Brian Foote has over twenty-one years of professional software development experience. He has been working with Smalltalk and objects since 1985. As one of the charter members of Ralph Johnson's fabled Smalltalk group at the University of Illinois, Brian was involved with some of the earliest work on domain specific object-oriented frameworks.
Brian is the author of over two-dozen published patterns and has been working with patterns for a long time, writing his first pattern paper for the first PLoP conference in 1994, and chaired the PLoP'96, conference on software patterns. Brian's research interests include object-oriented programming, design, reuse, languages, frameworks, software architecture, patterns, reflection, metalevel architecture, and software evolution, for starters. Brian has also written numerous papers on Smalltalk, object-oriented design, software reuse, patterns, and software architecture. These papers can be found on his website.
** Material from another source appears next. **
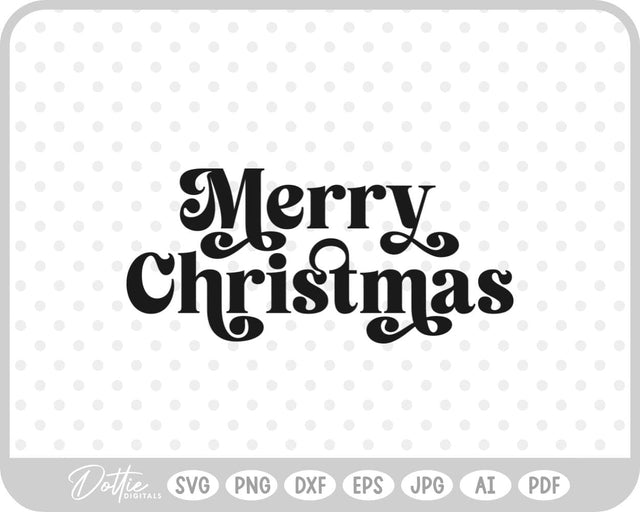 Merry Christmas SVG DottieDigitals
He used Smalltalk to prototype an extensive framework for scientific laboratory experimental control and data acquisition. He subsequently implemented this framework, OSIRIS, in C++ and sold it commercially. It is currently in use at several universities and research firms.
Brian was also involved in the development of the object-oriented enterprise frameworks developed at the Illinois Department of Public Health. His current research, on using objects to build better object-oriented languages, is being conducted in Smalltalk.
Brian has a B.S. and an M.S in Computer Science from the University of Illinois.